Mutations in an unselected cohort of AML patients. A comutation plot shows nonsynonymous mutations in individual genes, grouped into categories, as labeled on the left. Mutations are depicted by colored bars, and each column represents 1 of the 105 sequenced subjects. Colors reflect ontogeny specificity of mutated genes, as described in Figure 1.

Figure 6

Ontogeny-based genetic classification defines clinically distinct de novo AML subgroups. (A) Within clinically defined de novo AML, genetic classification identifies subgroups with distinct characteristics, including number of recurrent driver mutations per case, number of cytogenetic abnormalities per case, and age.

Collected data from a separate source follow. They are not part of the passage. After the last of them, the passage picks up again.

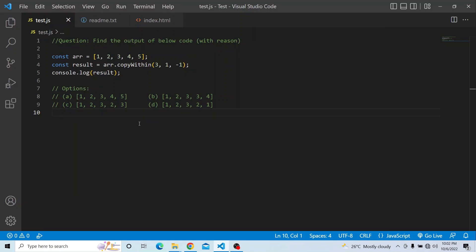Hi everyone, welcome to the JavaScript coding interview series. In today's video, you have to find the output of the code below and provide a valid reason why you selected that particular option as the answer.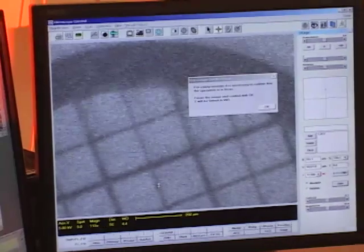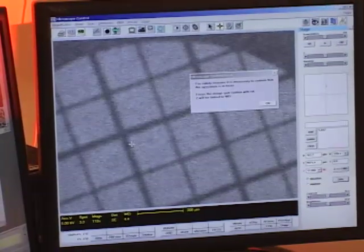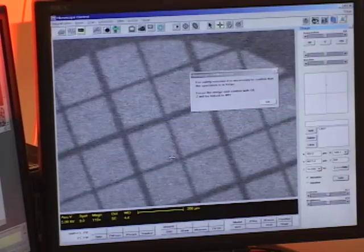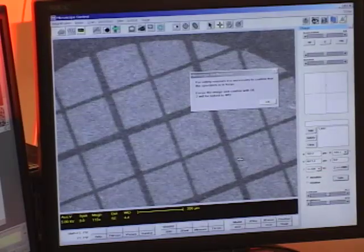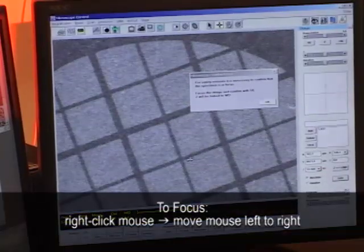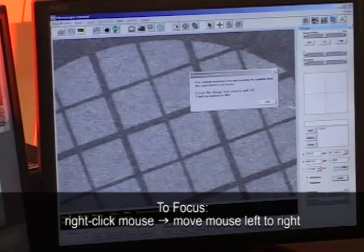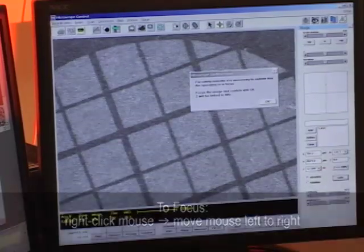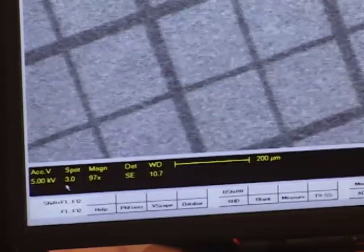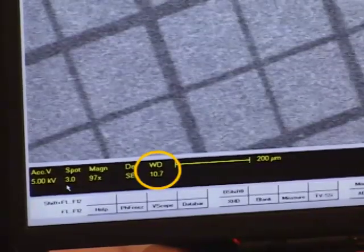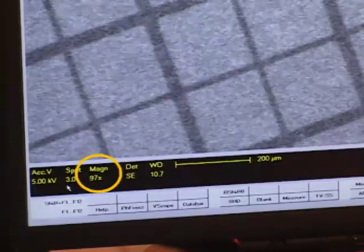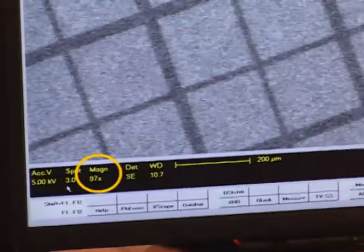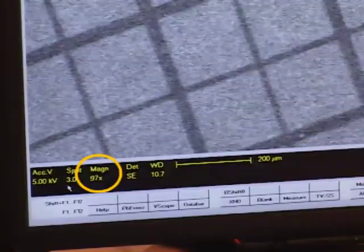The gold on carbon sample is located up here on the positive y-axis, so I'm actually going to move to the center of that sample and that actually gives us something to see. I'll focus this by right clicking the mouse and just moving left to right until I get the sharpest image. Now the sample is much more in focus than it was and you see the working distance reads 10.7 millimeters, but the magnification is only 97x. I need to get it in focus at 2000 or greater.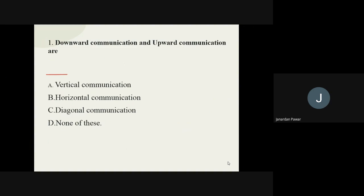Question number one: downward communication and upward communication are what? The options are vertical communication, horizontal communication, diagonal communication, and none of the above. Downward communication and upward communication both are part of vertical communication. So this is the right answer.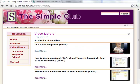This tutorial has been brought to you by DCN, the Davis Community Network.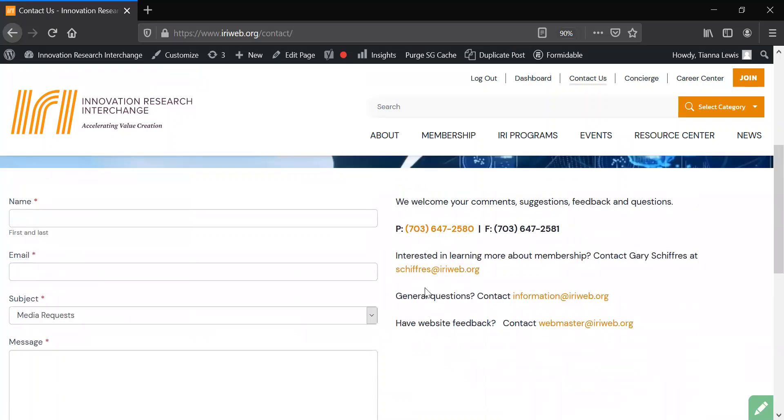We truly hope that you enjoy IRI's new website as much as we do. The site was developed with you in mind.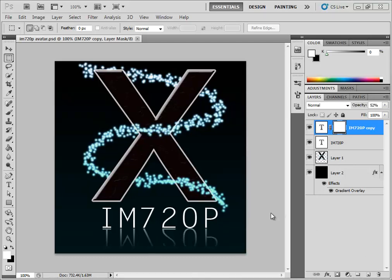What's up everybody, I'm 720p here and today I'm going to be showing you how to make a professional avatar for YouTube, much like the one I have on the screen now. It won't be exactly the same because this is my personal edition of it, but it will be much like it.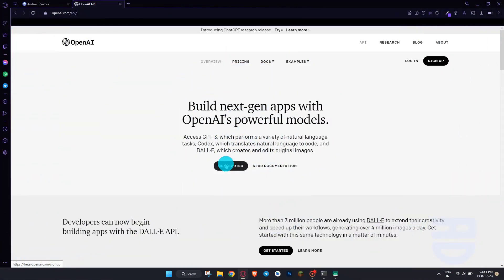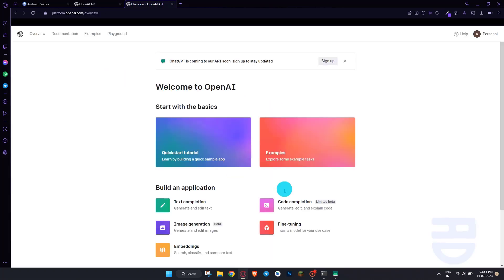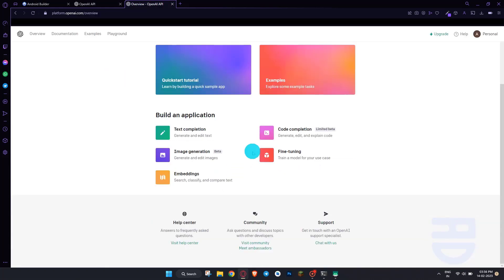First of all, we will create a ChatGPT API key, which we will use in our app in order to generate AI images. Follow the instructions I give to you.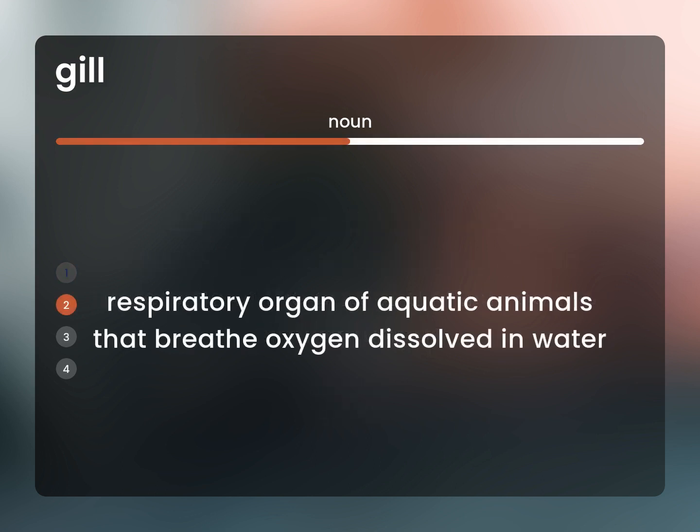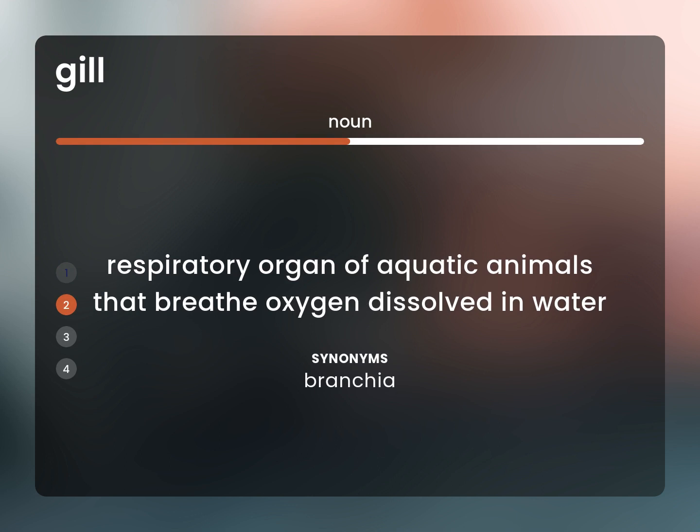Respiratory organ of aquatic animals that breathe oxygen dissolved in water. Branchia.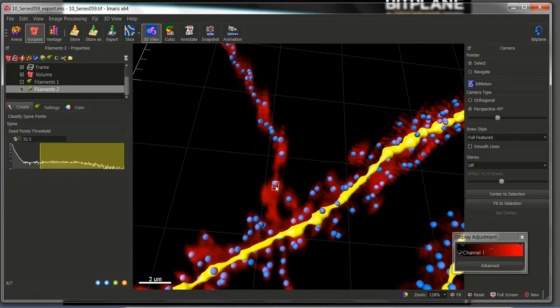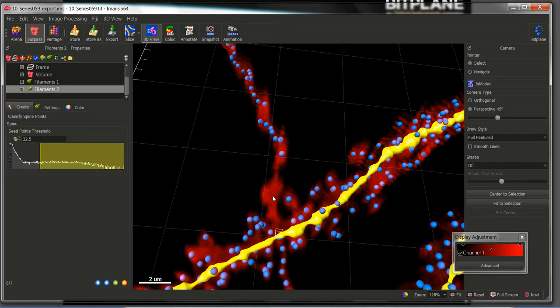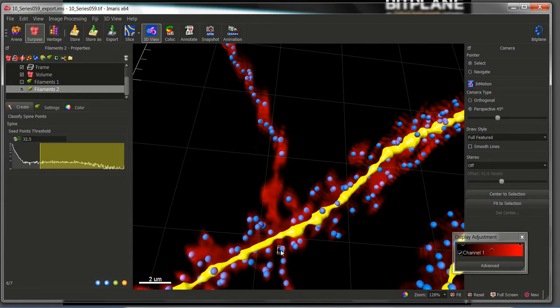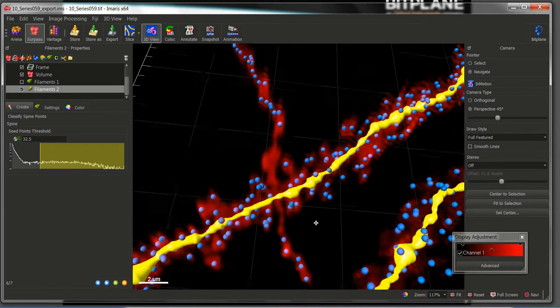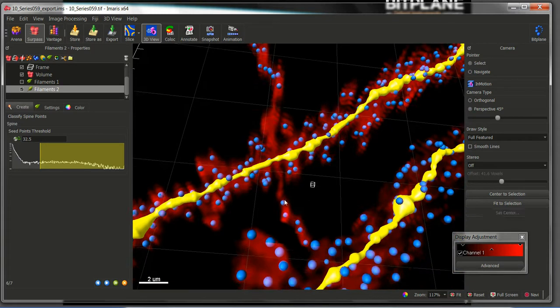Remember that we specified a maximum length of a spine of 2 microns. Therefore, as long as we don't have seeds within 2 microns, we will be in good terms in order to not detect a spine in this area. Something like this.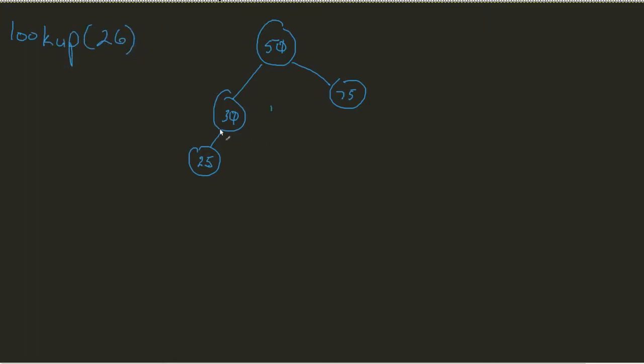Now, a quick note, you can tell my tree does not have a 26. I happen to kind of see that, but we still have to go through and sort of confirm that.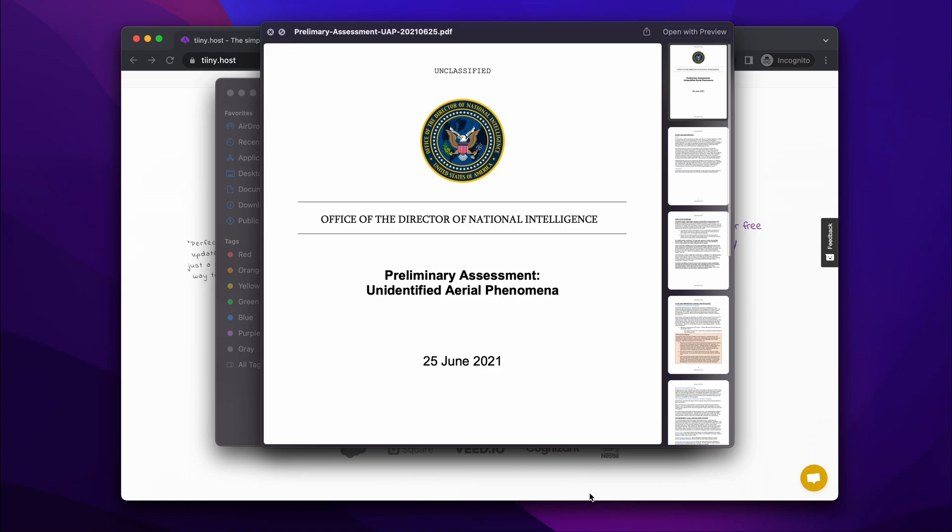In this video, I'm going to show you how to share and password protect your PDF online.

Box plots are described in Figure 3. (B) Proportion of patients achieving CR after intensive induction chemotherapy based on genetic subtype among older de novo AML patients (left) and clinically defined s-AML patients (right). (C) Event-free survival in clinically defined de novo AML patients age ≥60 years according to genetic ontogeny group. Curves show patients with de novo/pan-AML (red), secondary-type (blue), and TP53 (green) mutations.